REQUIRED WORK: All of the listing, from first line to last, should be output exactly; the pictures stay out.

EXERCISE DATA:
>>

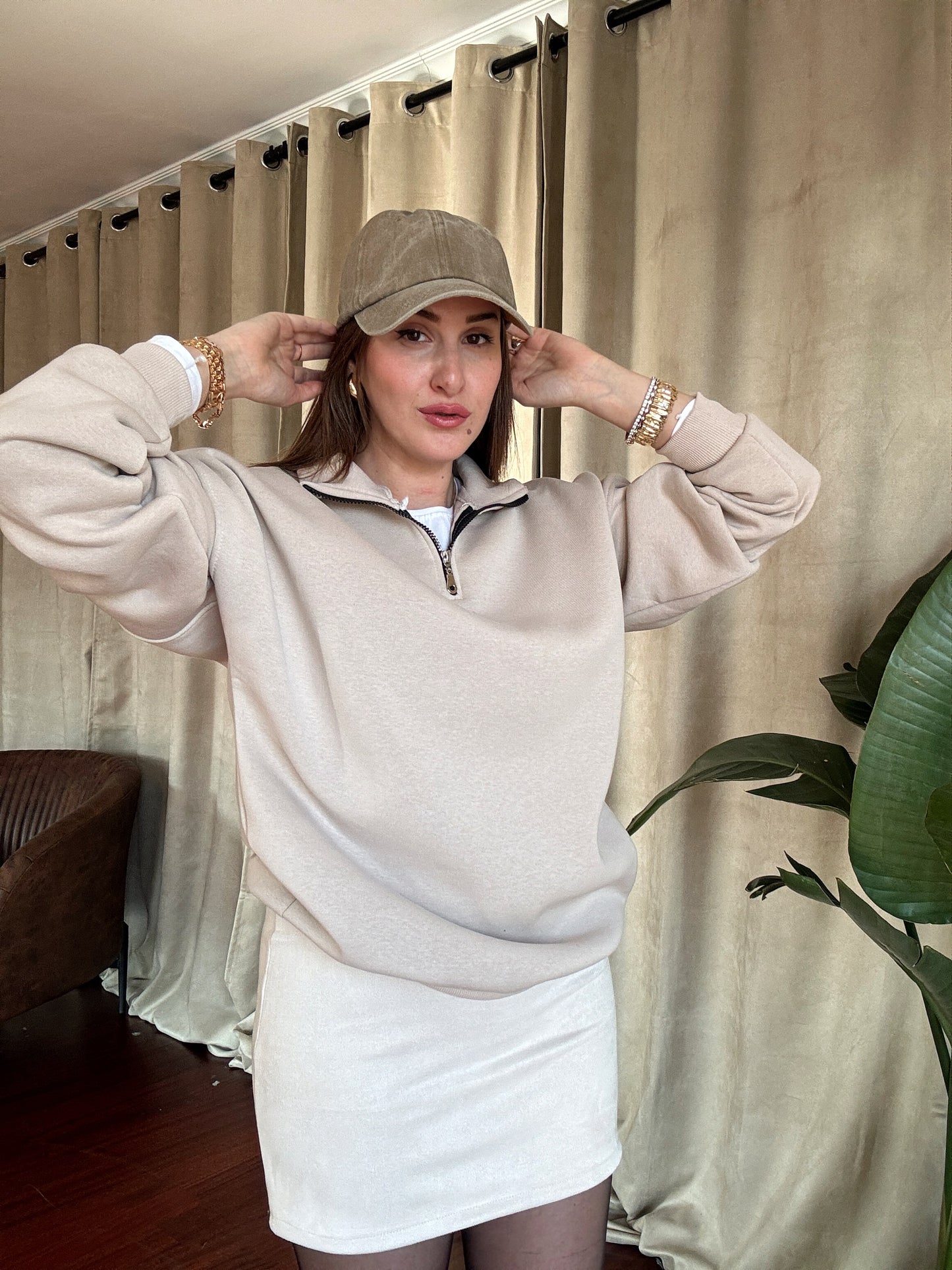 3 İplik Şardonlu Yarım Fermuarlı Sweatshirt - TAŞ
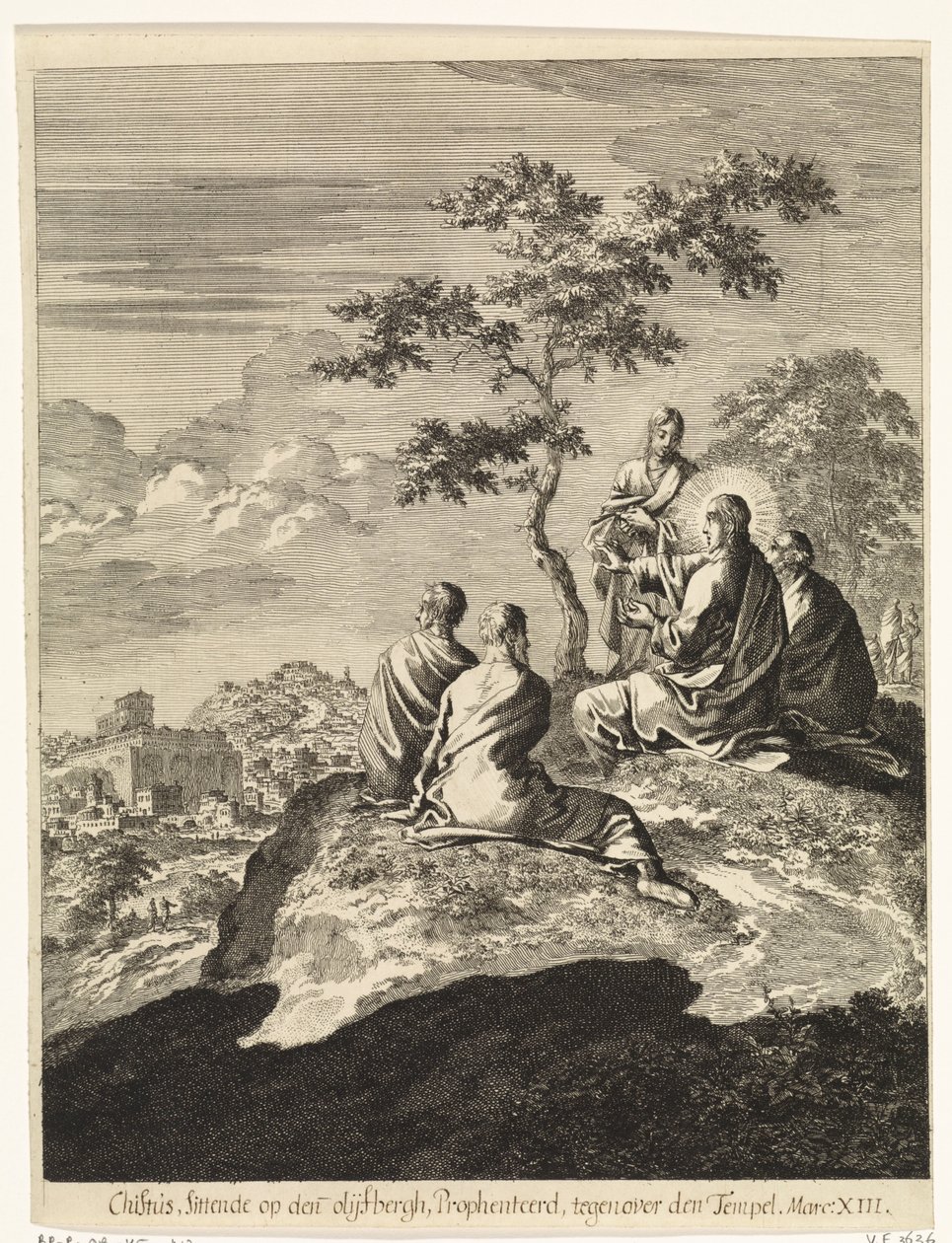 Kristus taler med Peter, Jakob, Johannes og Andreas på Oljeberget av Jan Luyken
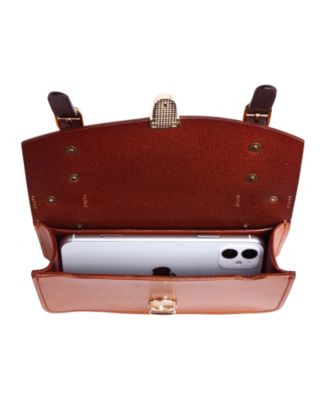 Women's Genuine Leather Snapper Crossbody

<<

WRITTEN SOLUTION:
 3 İplik Şardonlu Yarım Fermuarlı Sweatshirt - TAŞ
 Kristus taler med Peter, Jakob, Johannes og Andreas på Oljeberget av Jan Luyken
 Women's Genuine Leather Snapper Crossbody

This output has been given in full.